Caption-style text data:
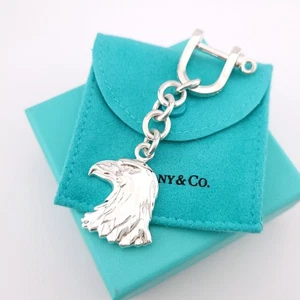 Vintage Tiffany & Co. Sterling Silver Bald Eagle Head Valet Shackle Keychain - Picture 1 of 16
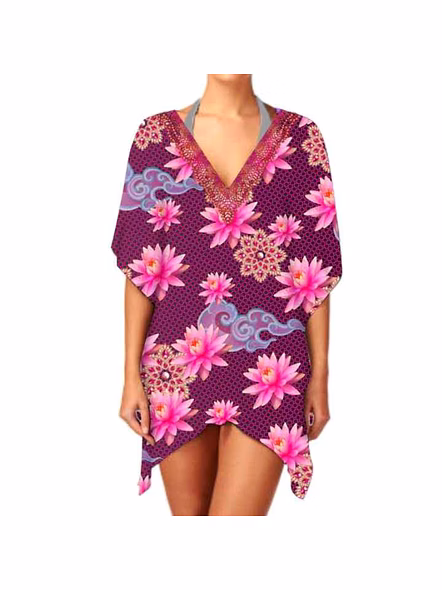 Short Sleeve Kaftan Dress for Women Stylish &amp; Comfortable, Lightweight Fabric, Perfect for Sexy Summer Wear &amp; Beach Outfits @ Short Length Kaftan-Kar1093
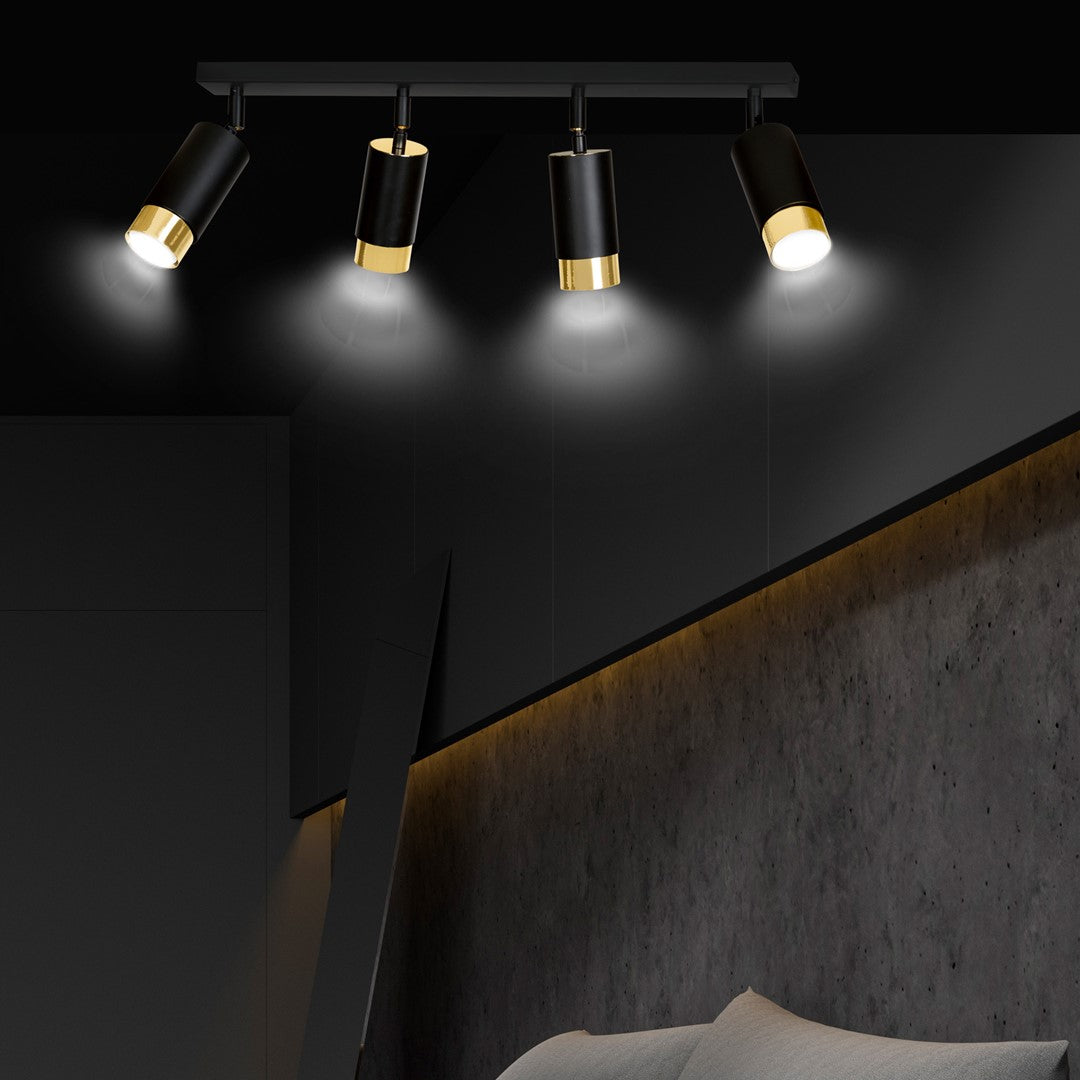 Hiro 4 ceiling spotlight black/gold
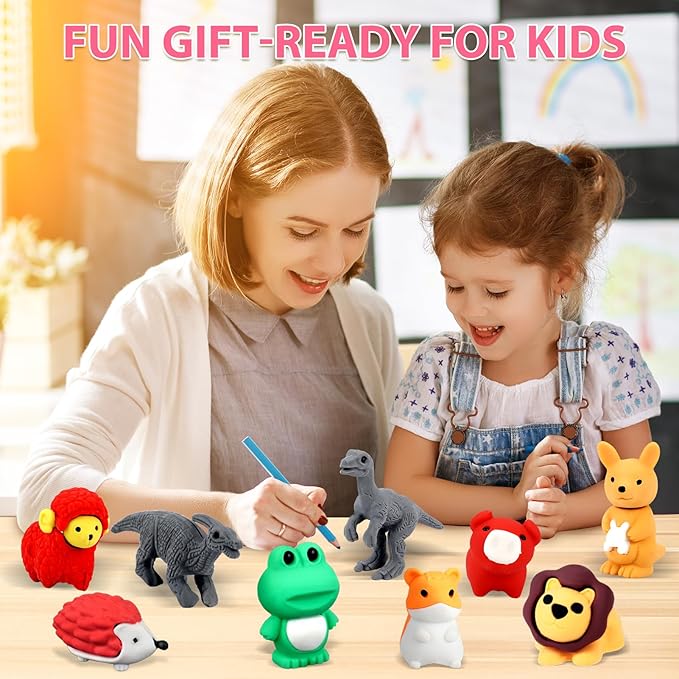 URSKYTOUS 64Pcs Animal Erasers Bulk Cute Desk Pets Kids Puzzle Erasers Take Apart Cool 3D Eraser Mini Pencil Eraser Fun Party Favors for School Supplies Classroom Rewards Easter Egg Fillers Gifts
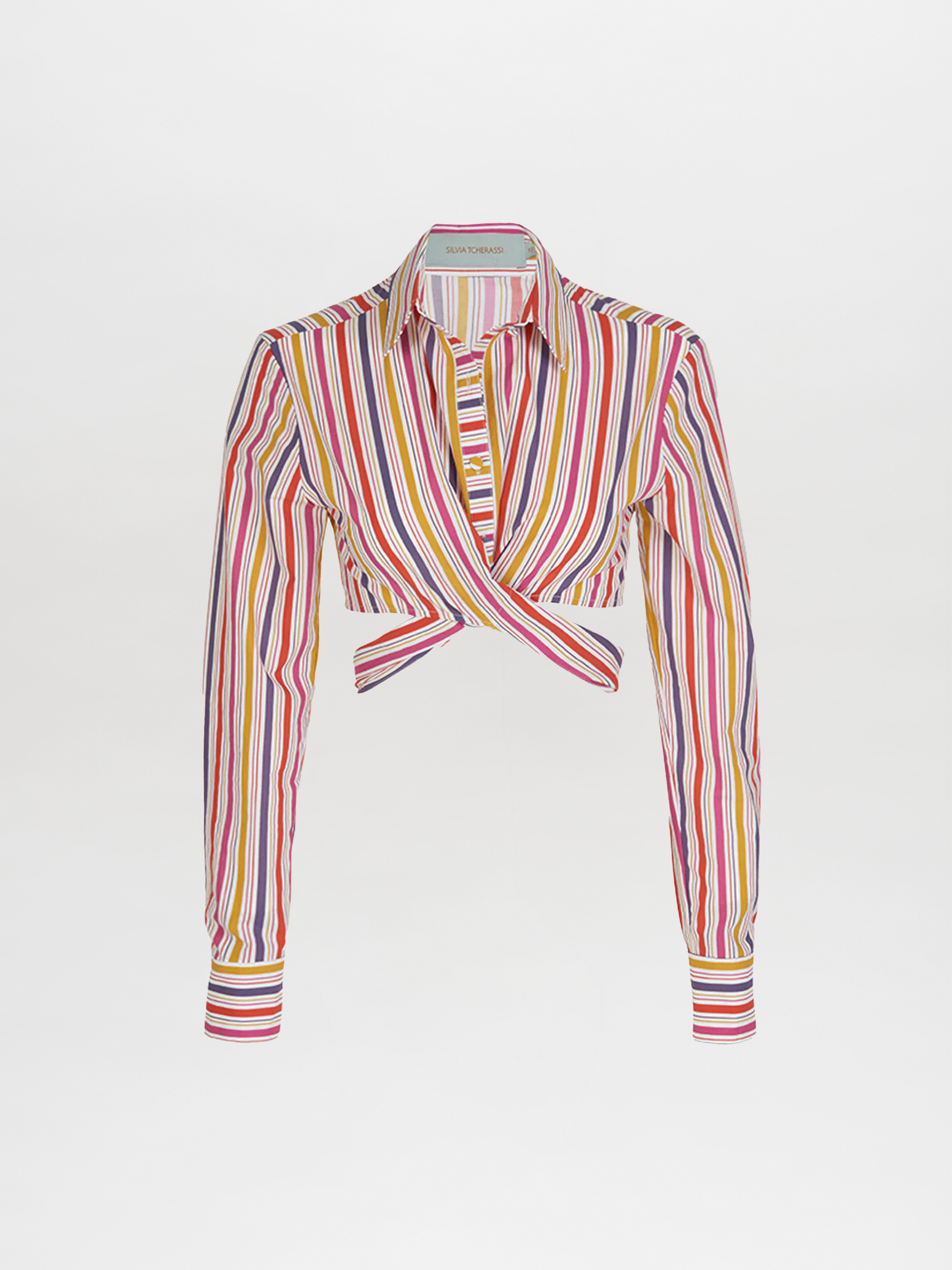 Marcel Blouse Golden Magenta Stripes in cropped style, featuring a twist front detail and multicolored gold magenta striped fabric, complete with buttoned cuffs.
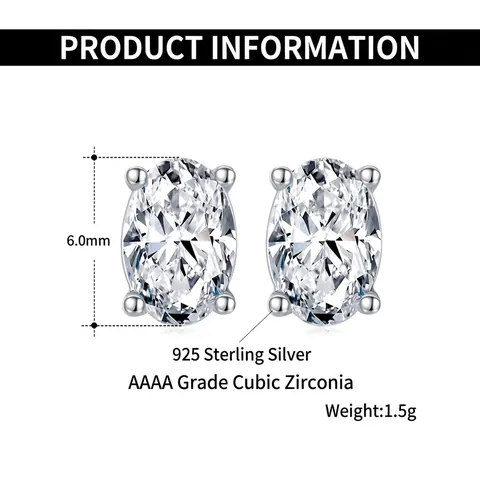 925 Sterling Silver Oval Cut Zirconia Stud Earrings For Women Classic Four-Prong Inlaid Electroplated Fashion Jewelry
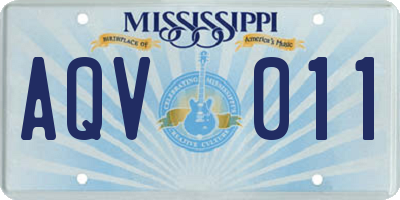 MS license plate AQV011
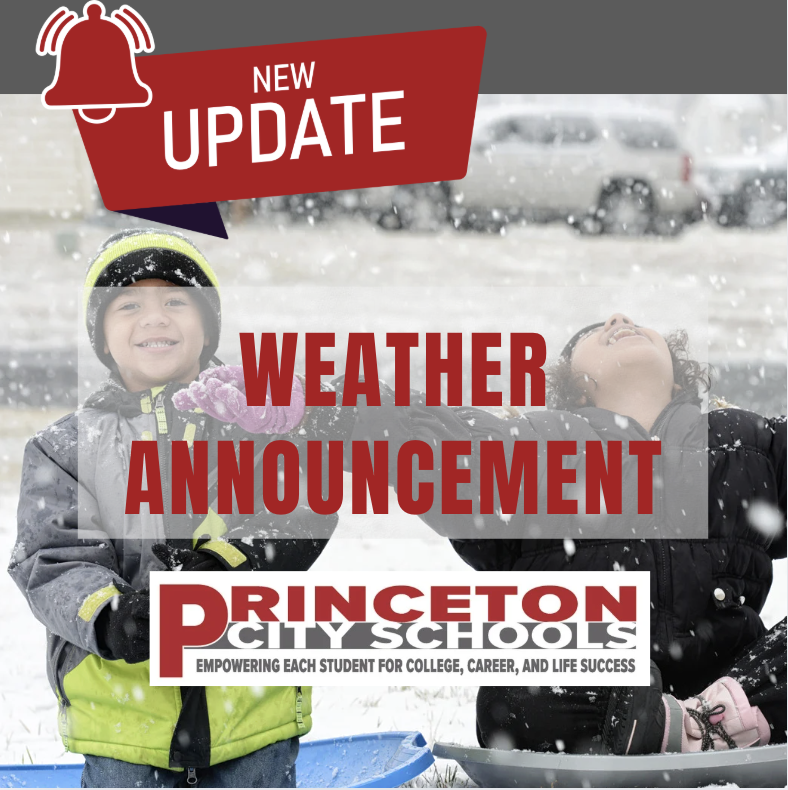New Update - Weather Announcement; PCSD logo, two young children playing on sleds as snow falls down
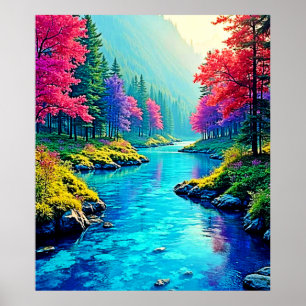 Mystieke Rivier Dromerig Bos Pad Ontwerp Poster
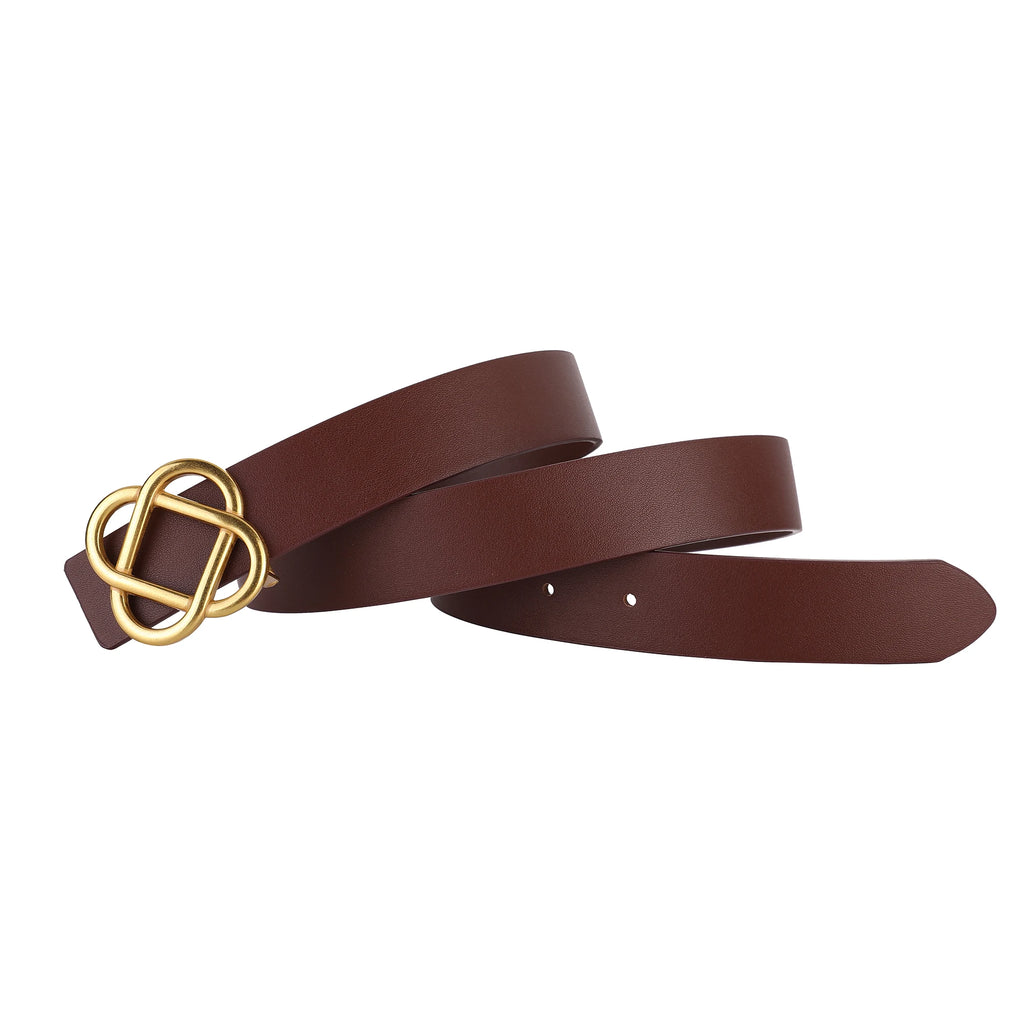 Ceinture fine Cuir Femme – Boucle Dorée Rétro Vintage | 4 Coloris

ASSIGNED TASK:
When you copy the entries, keep every word exactly as it stands and drop any pictures.

TASK OUTPUT:
 Vintage Tiffany & Co. Sterling Silver Bald Eagle Head Valet Shackle Keychain - Picture 1 of 16
 Short Sleeve Kaftan Dress for Women Stylish &amp; Comfortable, Lightweight Fabric, Perfect for Sexy Summer Wear &amp; Beach Outfits @ Short Length Kaftan-Kar1093
 Hiro 4 ceiling spotlight black/gold
 URSKYTOUS 64Pcs Animal Erasers Bulk Cute Desk Pets Kids Puzzle Erasers Take Apart Cool 3D Eraser Mini Pencil Eraser Fun Party Favors for School Supplies Classroom Rewards Easter Egg Fillers Gifts
 Marcel Blouse Golden Magenta Stripes in cropped style, featuring a twist front detail and multicolored gold magenta striped fabric, complete with buttoned cuffs.
 925 Sterling Silver Oval Cut Zirconia Stud Earrings For Women Classic Four-Prong Inlaid Electroplated Fashion Jewelry
 MS license plate AQV011
New Update - Weather Announcement; PCSD logo, two young children playing on sleds as snow falls down
 Mystieke Rivier Dromerig Bos Pad Ontwerp Poster
 Ceinture fine Cuir Femme – Boucle Dorée Rétro Vintage | 4 Coloris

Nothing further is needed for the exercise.